Kolezyum’un olağanüstü uzun bir bilet kuyruğu var. Bu kuyruktan kurtulmak için yapmanız gereken ise içerisinde Kolezyum, Palantine Tepesi ve Roman Forum’una giriş biletlerinin bulunduğu kombo bileti hemen bir üst sokaktaki Palantine Hill bilet ofisinden almak. Gerçekten eğer elinizde biletiniz varsa saatlerce süren bu kuyruktan kurtulup direk elinizde biletlerle giriş yapabilirsiniz.
Kolezyum, Forum ve Palatino Tepesi tek bölge şeklinde Antik Roma olarak gezilebiliyor. Roma Pass ücretsiz müze hakkınızın ilkini burada kullandığınızda aynı bilet 24 saat süreyle Palatino Tepesi için de geçerli oluyor. Foro Romano ise ücretsiz. Dolayısıyla her üçünü de tek bilet hakkı kullanarak Roma Pass ile gezebilirsiniz.
Roma gezilecek yerler listesideki Kolezyum, Avrupa’nın en ikonik simge yapılarından birisi. Ziyaretçilerin zamanda geri adım atmalarına ve gladyatör fantezilerini yaşamalarına izin vermenin yanı sıra, antik Romalıların tarihine bir bakış açısı sağlıyor.
Anladığım kadarı ile Kolezyum’da sıra bekleyip 18€ para ödemektense RomaPass alıp muze haklarından faydalanmak bile daha cazip. Ulaşımı kullanmasan bile 2 müze hakkı zaten 38 Euroyu çıkarıyor diye düşünüyorum. Bu konu hakkında ne dusunuyorsunuz? Ayrıca mayıs sonu gibi havanın ılıman olacağını düşünüyorum umarım yaz yağmurları bizi zorlamaz 🙂
Avrupa ülkelerinden birinde temelli yaşamayı planlıyorum. Hangi ülkeyi tercih edersiniz. O ülkede ev alıcam ve de iş kurucam bu sebeble pişman olmak istemiyorum. Ek olarak oturma vizesi almak ciddi manada zor mu?
Avrupa ülkelerinin hepsi yaşanmaya değer ülkelerdir sizin iş kurma kıstasınıza göre değişkenlik gösterebilir.

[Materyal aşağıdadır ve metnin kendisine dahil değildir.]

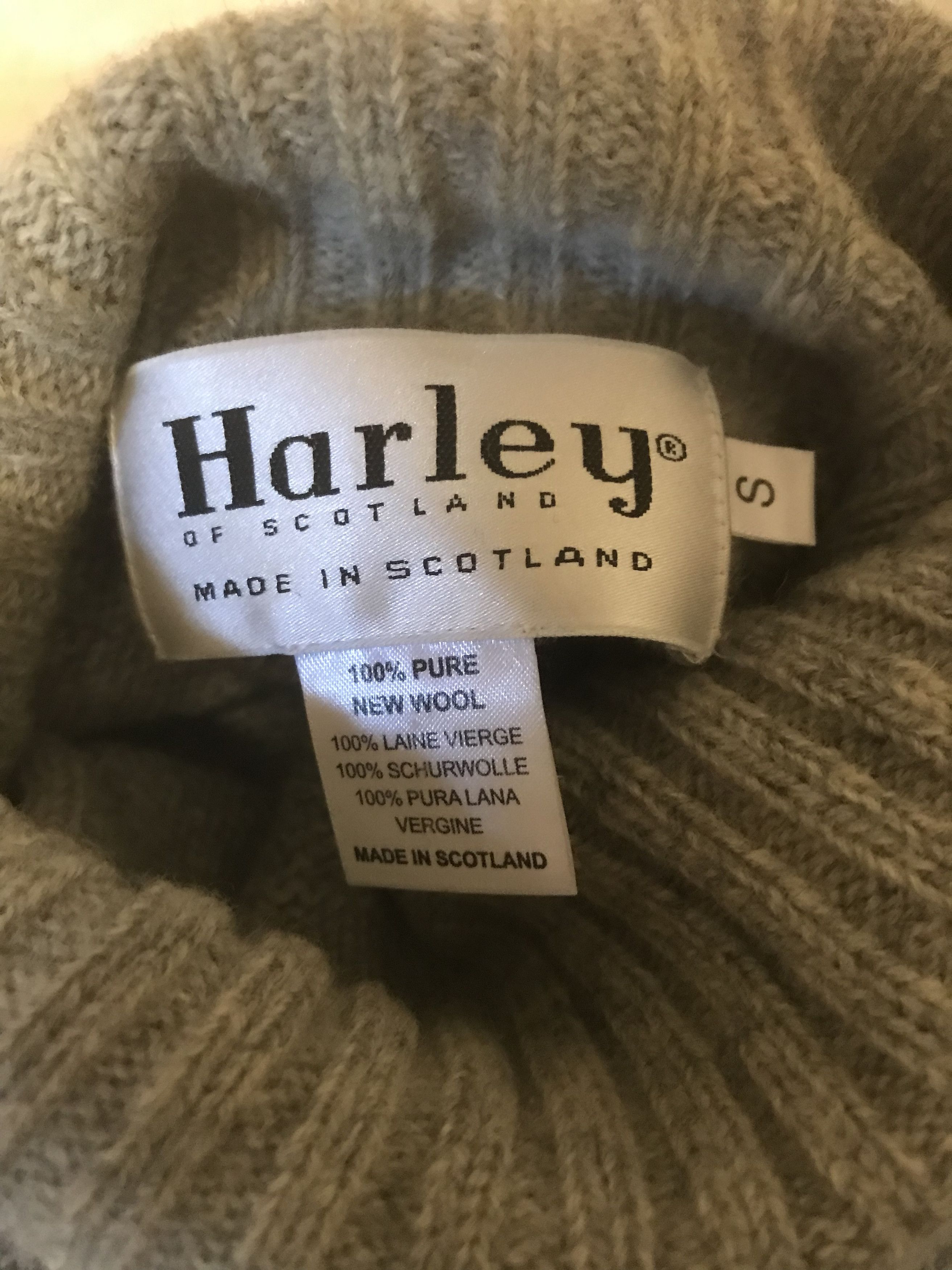 Harley of Scotland Harley of Scotland Light Grey Rollneck Shetland Size S Size US S / EU 44-46 / 1 - 3 Thumbnail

Yaşam standarlarıda öyle kırsal bir bölgeye mi yerleşmek istiyorsunuz. Yoksa kalabalık bir şehre mi yerleşmek istiyorsunuz. Çok param var pahalı olsun istiyorsanız. İsviçre avrupanın en pahalı yaşam standardı en yüksek şehri, sonra sırasıyla Norveç, İsveç, Finlandiya izler bunlarda yaşam standartları ve hayat çok güzeldir. Ama ülkelerde insanları gibi soğuktur.
Ben sıcak kanlı insanlarla yaşamayı düşünüyorum dersenizde İspanya ve güney İtalya yı öneririm.
Yatırıma açık ülkeler içinde sana Romanya yı düşünmeni öneririm.